1) Working class people-- do they tend to have these same habits? Do they dine out often? Are two working parents the norm? Do they spend as much time on food prep and eating as other social classes?

2) Graduate students-- in the US, we're typically very busy and working all hours, coordinating with groups overseas, etc. Often single, though not always. How do graduate student (particularly single ones) eat? Do they cook often? Are undergraduate students more self-sufficient, food wise, than those in the US?

3) There are probably other classes who in America have a dysfunctional or (of necessity) complicated relationship with food, and if these are the same or different in an interesting way in France, that would be worthwhile to know as well.

I know there are a lot of factors at play, like a growing availability of convenience foods, better social support for the working class, etc, which are highly relevant, which is why I'm asking this question, as I know very little about French society.
posted by stoneandstar to Food & Drink (18 answers total) 27 users marked this as a favorite
 
Best answer: Here is something I've learned from my French friends, who are mostly middle-class graduate students from Paris: a lot of foods that I think of as fancy don't seem fancy to them. For instance, for them pâté comes in many different shapes and sizes (some of them chunkier than others) and it's just a normal thing to spread on bread; cheeses that would be considered "stinky" in my hometown are just everyday cheeses that you buy in the local supermarket; fresh bread isn't a luxury, it's just something you go out and buy every day.
posted by colfax at 1:36 PM on July 12, 2016 [8 favorites]


Best answer: I quibble with the statement that French people are all thin. Perhaps as a whole they may be one notch towards the thinner side of the spectrum than Americans, but when you look at individuals you will see people of all body types and sizes. And there is a growing obesity problem in France. So with that said,...

Where they edge us out is in the ability not to snack and not to pig out. Systemically, this is supported by teensy packaging sizes. Soda is sold in 1-liter bottles and poured into plastic cups of maybe 4 oz at biggest for parties; I've never seen a 2-liter bottle in France. It's a pain to get up and refill your your cup a jillion times, so you end up drinking less soda. "Family size" doesn't exist. Bags of chips are not bigger than your head, and cookie packets have 12 cookies, not 60.

Now couple that with a generous amount of self-control. My French husband and I joke about how he's capable of taking just a few bites of dessert. "I'm French, I don't need any more than that." Whereas I will eat the whole tablet of chocolate in one sitting, he can eat one or two squares and put it away for another day.

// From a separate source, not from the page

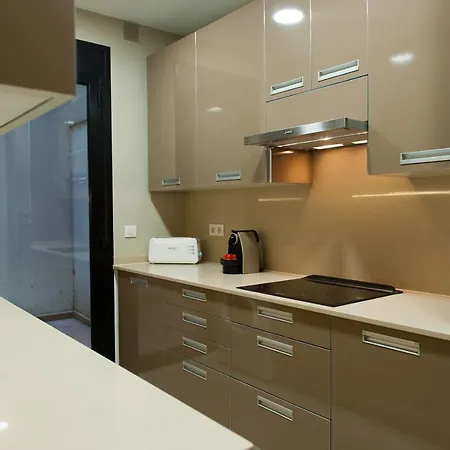 Apartment Mh Sant Pau *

As for your other questions, many working families rely on quick-to-make soups for dinner: cook veggies in broth, puree, add a splash of cream if you wish. Serve with some bread. Pretty healthy and easy to make. Many French women work (I believe they have one of the highest rates of women in the workforce in Europe) and scramble to get dinner on the table. I have to admit that in my experience, fewer French men step up in household tasks than what I've observed in the US, so French women really get the shaft in that respect. Part-time work is common for dual-income households, and the law allows for you to take comp time in response for overtime.

Students can eat campus cafeteria meals for a very low price (5 euros total?), and so they can eat a healthy square meal for lunch and then have a light dinner.

So in sum: systemic support and major self-control. And that is changing.
posted by Liesl at 1:42 PM on July 12, 2016 [11 favorites]


Best answer: In the 70s, I was an exchange student for a summer with a quirky, down-on-their-luck family in the south-east of France, between Cognac and the seashore. It was kind of a rural area. The son worked in a vineyard, but the father was a chemist. I'm sure you will get more up-to-date answers but here is my experience.

First, eating out was absolutely unheard of. Super major special occasions only, I'm sure. At most an afternoon patisserie on an excursion into a nearby big town, or a menthe a l'eau at a local cafe. Picnics and dinners with friends were more common.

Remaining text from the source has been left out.